Por eso, cuando atestiguo la curva evolutiva de uno de los uniformes más portentosos de toda la historia de la moda, el de la mujer fatal, me emociona advertir los pequeños pero significativos cambios que ha adquirido su look en los últimos años. Con guiños punk, acentos  minimalistas, pinceladas góticas, influjo retro, curvas sinuosas recubiertas de cuero negro, vestidos de encaje y arsénico, botas tipo dominatrix, opulencia a la italiana, chic francés, descargas eléctricas confeccionadas en Nueva York o sensualidad latina, la apariencia de esta soberana debe ser capaz –en cualquier momento y circunstancia– de colapsar el tránsito, provocar infartos, cortar el aliento, orillar a que las mojigatas se persignen, los puritanos caigan de brucen en el infierno de la lujuria y los libertinos pierdan la poca cordura que aún les queda después de ver el espectáculo de su peligrosa silueta que deja a la imaginación justo lo necesario para que lo exhibido en público nunca vaya en detrimento de lo reservado para la intimidad. 

 

Pero el indumento que pese a los ajustes de cada época resulta insustituible es el vestido negro –ya sea en su versión de cocktail, gala o rupturista–, acompañado por un vertiginoso par de stilettos, un clutch discreto, algunas perlas o diamantes y, por supuesto, una considerable dosis de perfume para que a su paso la vamp en cuestión deje en claro que, después de ella, sólo resta esperar el Apocalipsis.

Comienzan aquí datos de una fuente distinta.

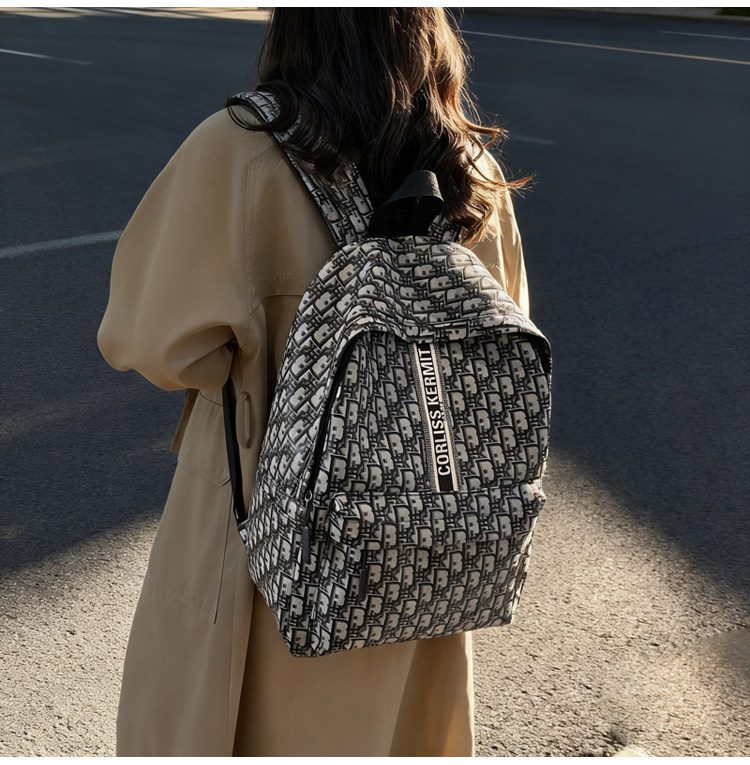 New Versatile Large Capacity Unisex Student Travel Backpack For Daily Commute Fit 14 Inch 15.6 Inch Gaming Laptops Huawei Asus HP Apple Xiaomi Lenovo Notebook Bag 17 O1CN01z9ocdU1aqYEMw0k4s 2151573381.jpg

Así ha sido (y será) siempre. Las mujeres fatales han existido, de una u otra forma, en la mitología y el folclor de varias culturas. Entre los primeros ejemplos podrían contemplarse a la diosa sumeria Ishtar y a la bíblica Dalila. La mujer fatal se hizo omnipresente en la cultura occidental a finales del siglo XIX y principios del XX, y aparece en las obras de Oscar Wilde, Edvard Munch y Gustav Klimt, entre otros grandes artistas. 

 

Algunos consideran esta popularización como una reacción a los movimientos feministas y al cambio de roles de la mujer en la sociedad industrializada. Con la introducción del cine negro en los años 40, la femme fatale empezó a florecer en la cultura pop, apareciendo en thrillers de espionaje e historietas con un evidente contenido erótico. En las más agitadas orillas del imaginario colectivo, con frecuencia se le retrata como una vampiresa cuyos oscuros apetitos son capaces de arrebatar la virilidad, la dignidad e independencia (por no hablar del dinero) de sus amantes, convirtiéndolos en una máscara vacía de sí mismos. Sólo rescatándolo de sus malévolos brazos se puede salvar al héroe caído en desgracia. Pero lo divertido e interesante de esta historia es que, en realidad, él no quiere ser salvado. Y ella, obviamente, nunca esperaría ser redimida. Su alma, bien lo sabe, está perdida, mientras que su cuerpo sólo le pertenece a ella y, quizá, a su modisto.